1. Das Bayerische Oberste Landesgericht ist zur Entscheidung über den Antrag auf Bestimmung des örtlich zuständigen Gerichts berufen (§ 36 Abs. 2 ZPO, § 9 EGZPO). Die für die Bestimmung in Betracht kommenden Landgerichte gehören zu einem bayerischen und einem außerbayerischen Oberlandesgerichtsbezirk. Zuerst mit der Sache befasst war das Landgericht Memmingen.
2. Dem Antrag kann nicht entsprochen werden. Die Voraussetzungen für eine Bestimmung des zuständigen Gerichts gemäß § 36 Abs. 1 Nr. 3 ZPO liegen nicht vor, da für die Klage gegen die Beklagte zu 2 ein ausschließlicher Gerichtsstand in Karlsruhe vereinbart ist und es dem Beklagten zu 1 nicht zugemutet werden kann, sich ebenfalls vor diesem Gericht verklagen zu lassen.

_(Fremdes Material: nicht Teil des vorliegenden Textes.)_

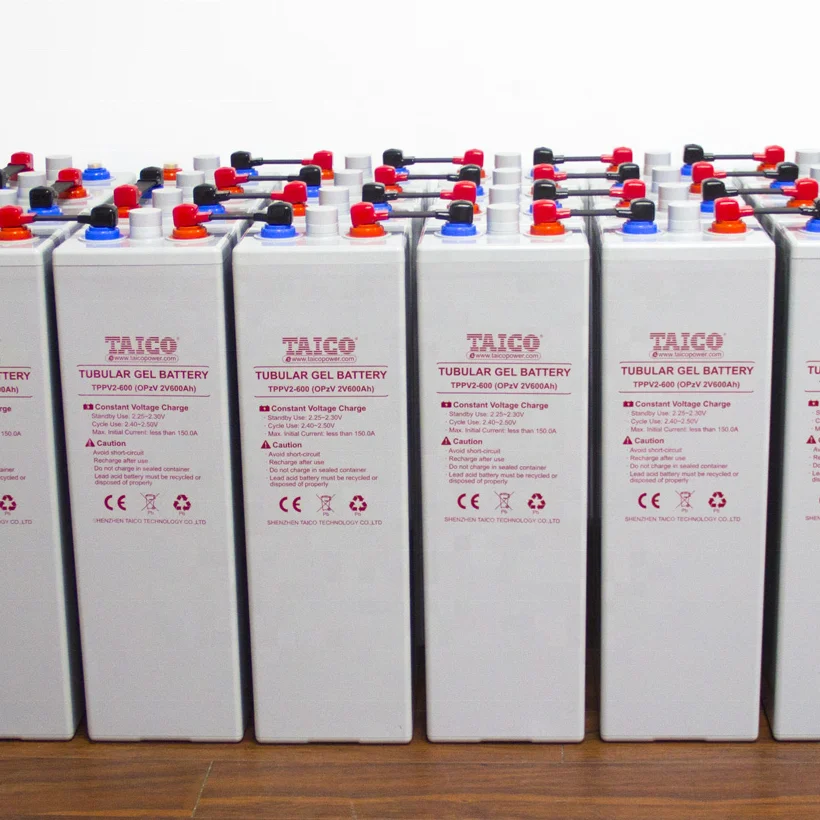 
TAICO Solar Off grid System 2V 1000Ah Lead Aicd GEL Batteries 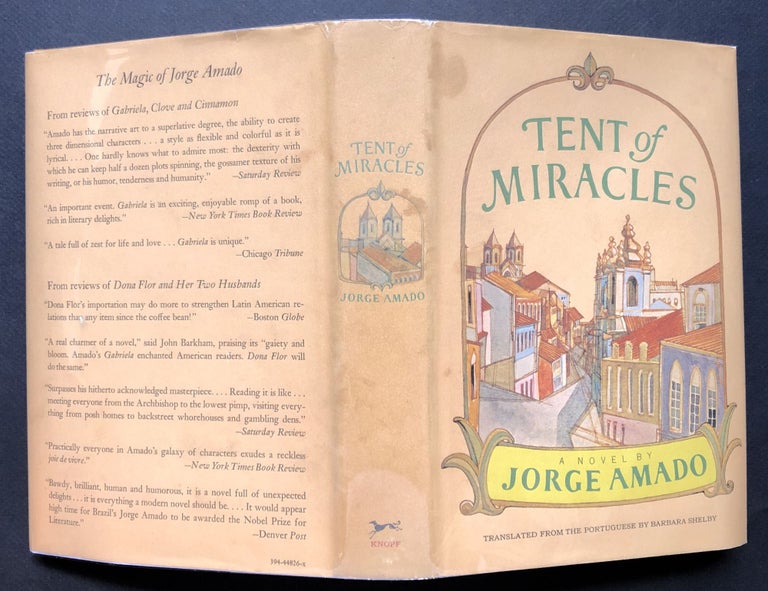 Item #H24709 Tent of Miracles -- inscribed to Robert Lima. Jorge Amado, Barbara Shelby.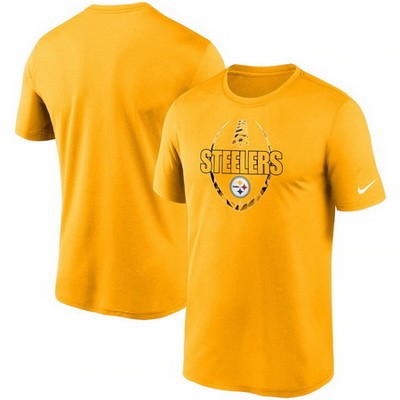 Men's Pittsburgh Steelers Gold Icon Performance T-Shirt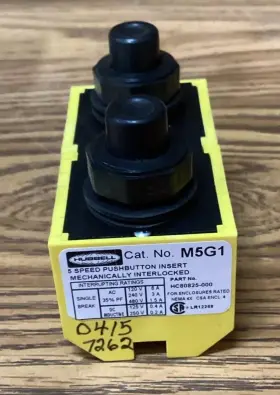 M5G1 HUBBELL Pushbutton Mechanically Interlocked #3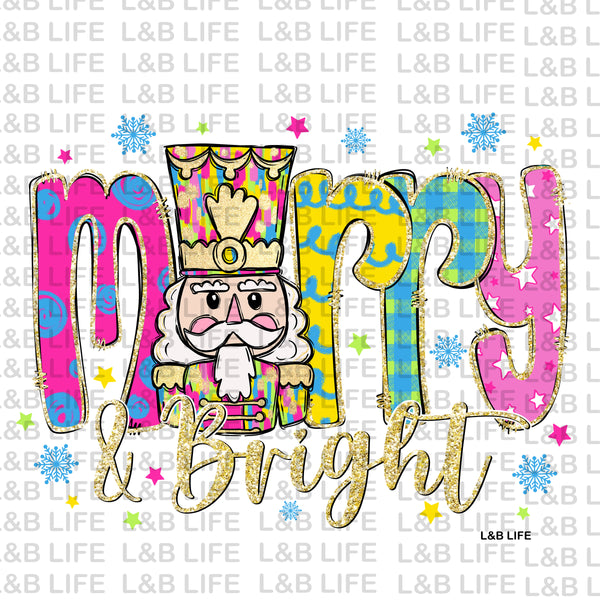 MERRY AND BRIGHT NUTCRACKER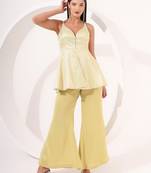 Peplum pant set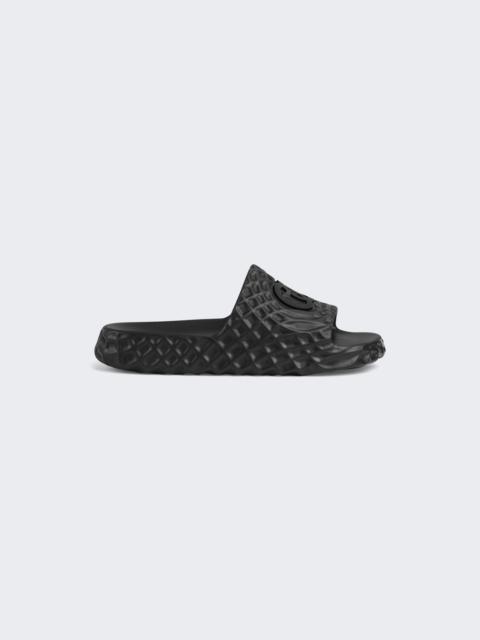 GUCCI Interlocking G Slide Sandal Black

a) Der Umstand, dass die Beklagten nicht, wie es § 36 Abs. 1 Nr. 3 ZPO wörtlich voraussetzt, "verklagt werden sollen", sondern bereits verklagt sind, steht einer Bestimmung des zuständigen Gerichts nach dieser Vorschrift nicht von vornherein entgegen (vgl. BGH NJW 1978, 321; BayObLG NJW-RR 1994, 890; Zöller/Vollkommer ZPO 23. Aufl. § 36 Rn. 16). Auch in Fällen eines prorogierten ausschließlichen Gerichtsstands ist die Bestimmung nicht von vornherein ausgeschlossen (vgl. BGHZ 90, 155/159). Als zuständig kann dann jedoch nur das mit einem Streitgenossen als ausschließlich zuständig vereinbarte Gericht bestimmt werden (BGH NJW 1988, 646/647). Voraussetzung ist nach der Rechtsprechung des Senats, dass es den anderen Streitgenossen unter Berücksichtigung der mit der Prorogation verfolgten Zwecke zugemutet werden kann, sich ebenfalls vor dem vereinbarten Gericht verklagen zu lassen (BayObLGZ 1999, 75; BayObLG NJW-RR 2000, 1592).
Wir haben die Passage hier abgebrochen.